NASA has accepted ownership of its newest Tracking and Data Relay Satellite (TDRS) from Boeing after successfully completing in orbit testing. TDRS-K, will be renamed TDRS-11 upon entry into service.

“This is a major step in replenishing an aging TDRS fleet which is essential in providing communications to support space exploration,” said Badri Younes, deputy associate administrator for Space Communications and Navigation at NASA Headquarters. “We look forward to the launch of two additional satellites in the next few years to complete the replenishment program.”

TDRS-k, ready for launch.
Image Credit: Photo courtesy of Boeing

The TDRS fleet provides communications support to an array of science missions, as well as several launch vehicles. The network has provided critical real-time communication with NASA’s human spaceflights since early in the Space Shuttle Program.
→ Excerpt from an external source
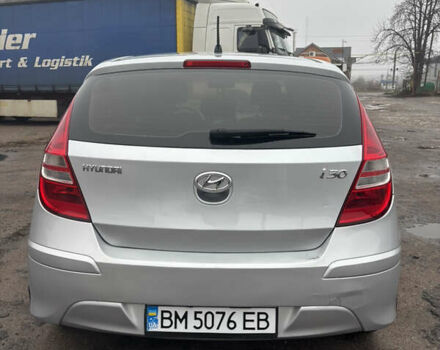 Серый Хендай i30, объемом двигателя 1.4 л и пробегом 300 тыс. км за 6200 $, фото 5 на Automoto.ua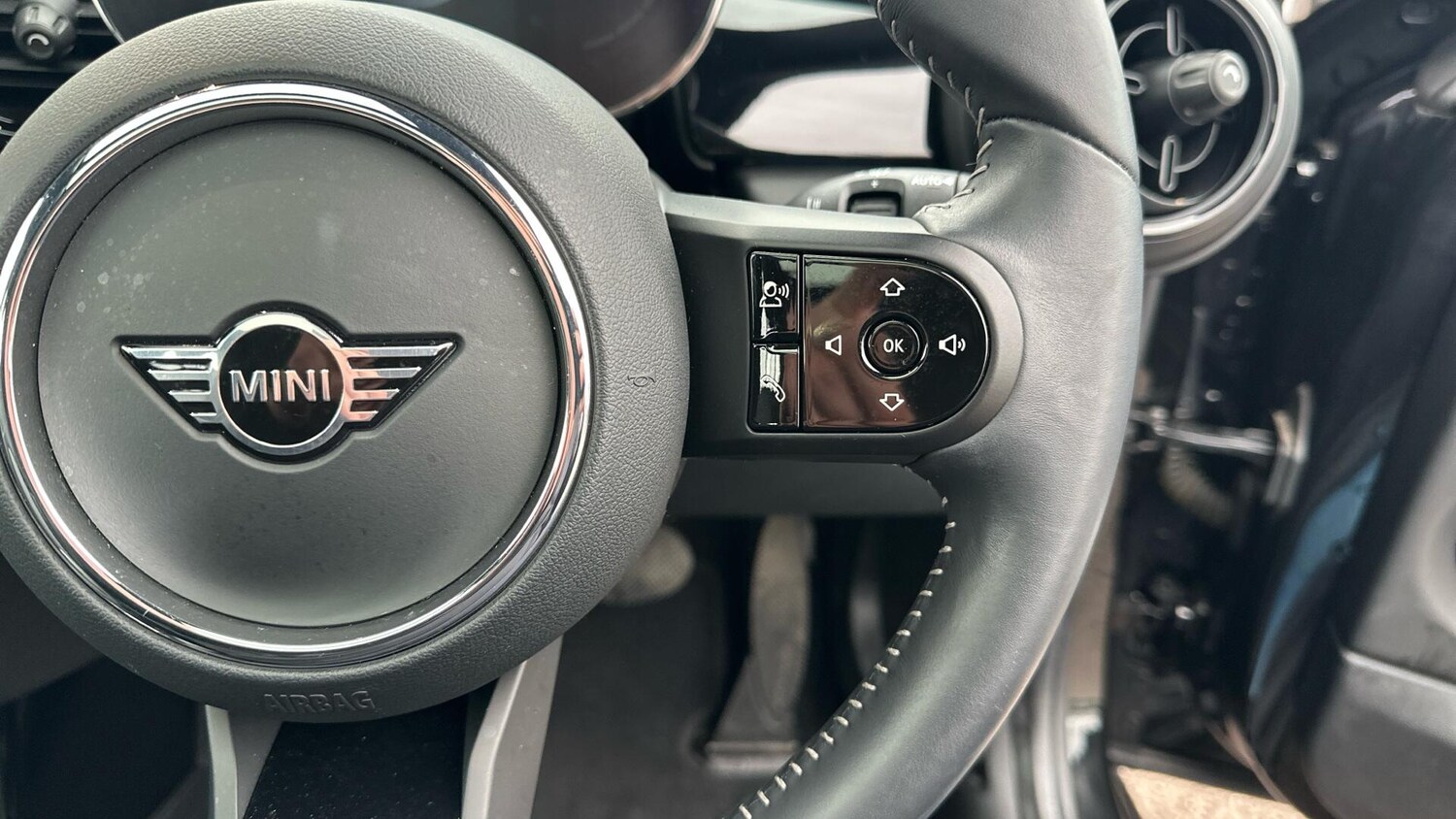 Used MINI Hatch 2023 for sale - 78034865: Photo 18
TDRS network operations continue to provide support for International Space Station activities.

“The acceptance of this spacecraft is the result of many years of hard work by dedicated team members at NASA and Boeing,” said Jeffrey Gramling, TDRS project manager at NASA’s Goddard Space Flight Center in Greenbelt, Md. “This next generation of spacecraft ensure network continuity for at least another decade.”
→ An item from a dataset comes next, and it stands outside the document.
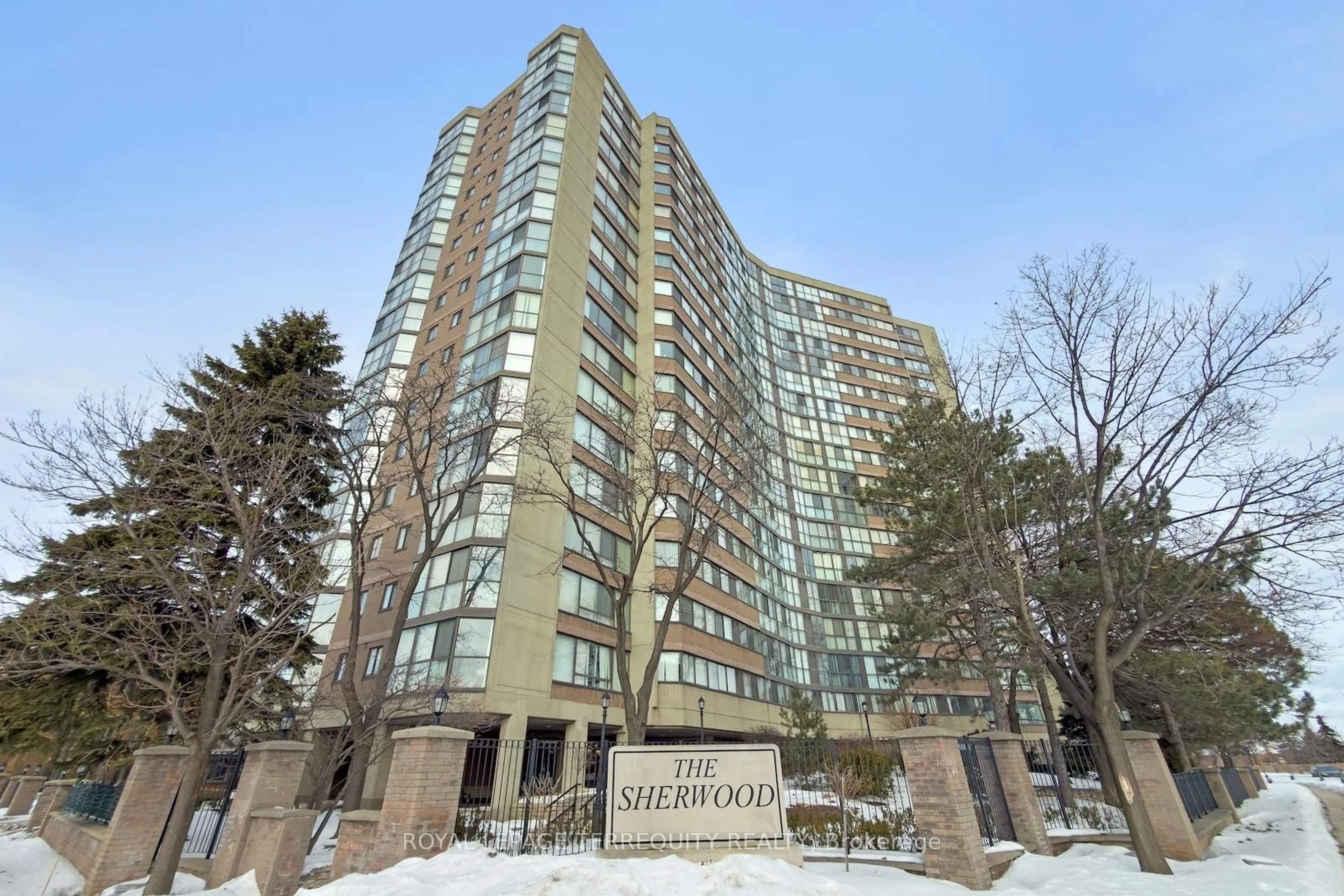 Indoor foyer for 4235 Sherwoodtowne Blvd #1607, Mississauga Ontario L4Z 1W3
Goddard is home to the TDRS Project Office, which is responsible for the development and launch of the communication satellites. The Boeing Company headquartered in Chicago, Ill., is the private contractor for the TDRS K, L and M satellites. TDRS is the space element of NASA’s Space Network, providing the critical communication lifeline for NASA missions. NASA’s Space Communications and Navigation Program, part of the Human Exploration and Operations Mission Directorate at the agency’s Headquarters in Washington, is responsible for NASA’s Space Network.

The TDRS fleet now consists of eight satellites with ground stations at White Sands, N.M. and Guam. NASA’s upgrade to the network includes modifications to those ground terminals.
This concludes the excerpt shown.